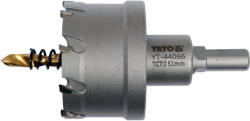 TOYA Carotă 51 mm TCT cu prindere bit (YT-44066) (YT-44066) Burghiu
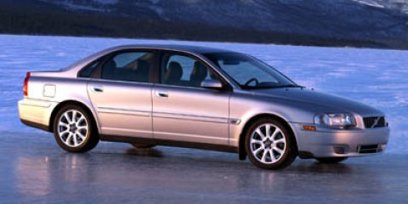 Used 2005 Volvo S80 2.5T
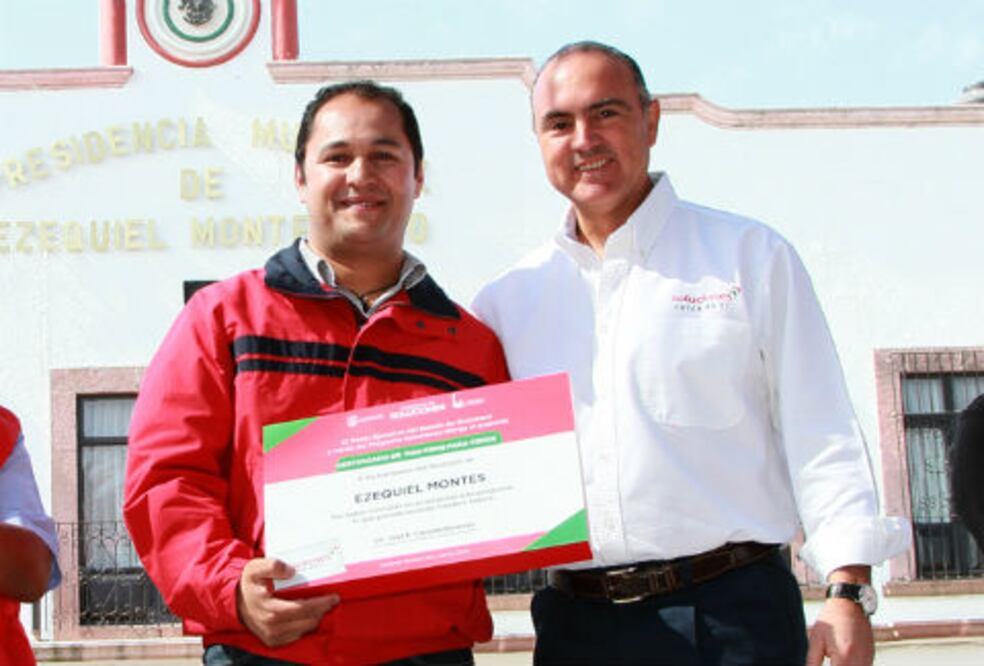 Va San Joaquín por cobertura universal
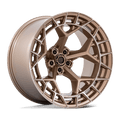 CHARGER 20X9 5X5 71 +1 PLTNM-BRNZ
--*--
:: WHAT YOU ARE ASKED TO DO ::
Go through the data above and transcribe it in full, omitting any image.

:: SOLUTION FOR THIS PROBLEM ::
 TOYA Carotă 51 mm TCT cu prindere bit (YT-44066) (YT-44066) Burghiu
 Used 2005 Volvo S80 2.5T
 Va San Joaquín por cobertura universal
 CHARGER 20X9 5X5 71 +1 PLTNM-BRNZ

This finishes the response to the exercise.